** Entries supplied **
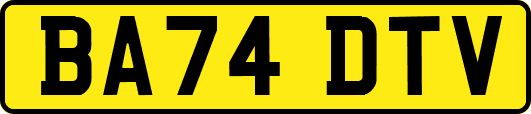 BA74DTV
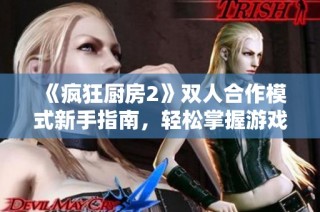 《疯狂厨房2》双人合作模式新手指南，轻松掌握游戏技巧与战术分享
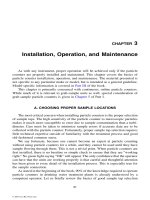 A Practical Guide to Particle Counting for Drinking Water Treatment - Chapter 3 ppt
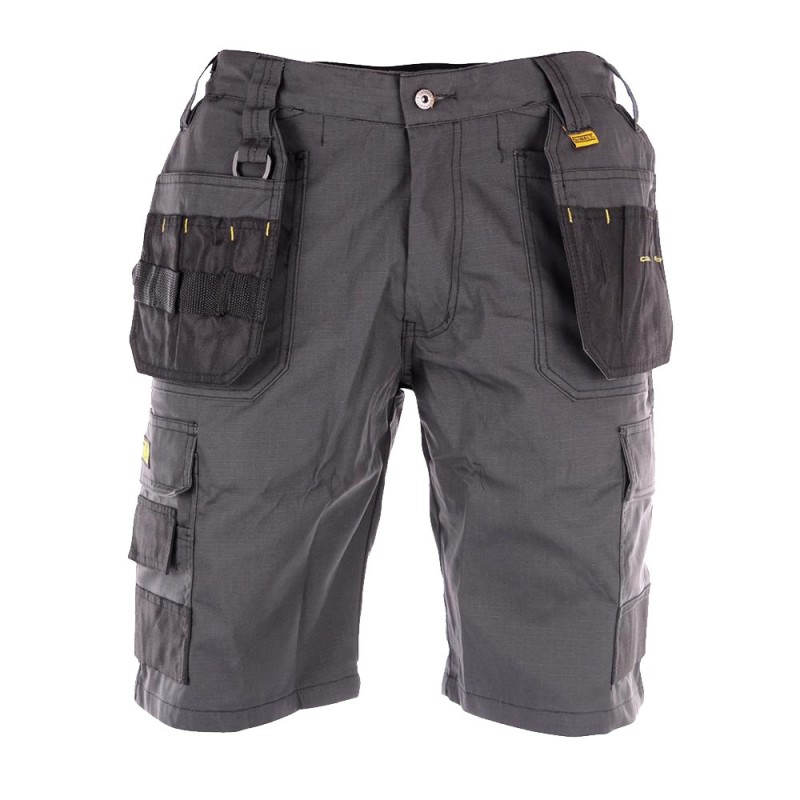 DeWalt Cheverley Grey Rip Stop Shorts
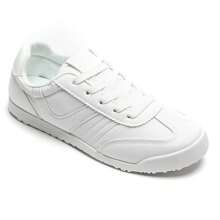 Fashionable Versatile Casual Flat Shoes For Daily Wear - White - View 2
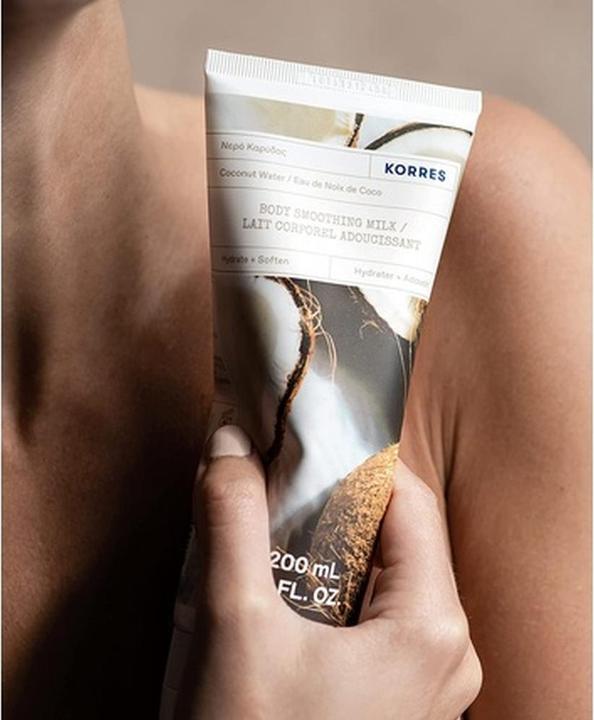 Actual product image Korres Body Milk Coconut Water (Body milk, 200 ml)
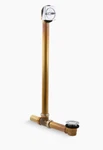 New Kohler Clearflo Drain 1.5" Pop Up Polished Chrome 7166-AF-CP. Fixed Price $150.00.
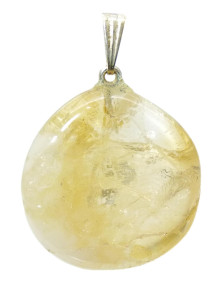 Pendentif en citrine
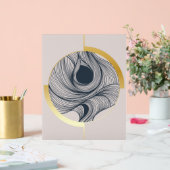 Design contemporain dégradé (Mariage)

** Your goal **
Print the records above verbatim, pictures excluded.

** Result **
 BA74DTV
 《疯狂厨房2》双人合作模式新手指南，轻松掌握游戏技巧与战术分享
 A Practical Guide to Particle Counting for Drinking Water Treatment - Chapter 3 ppt
 DeWalt Cheverley Grey Rip Stop Shorts
 Fashionable Versatile Casual Flat Shoes For Daily Wear - White - View 2
 Actual product image Korres Body Milk Coconut Water (Body milk, 200 ml)
 New Kohler Clearflo Drain 1.5" Pop Up Polished Chrome 7166-AF-CP. Fixed Price $150.00.
 Pendentif en citrine
 Design contemporain dégradé (Mariage)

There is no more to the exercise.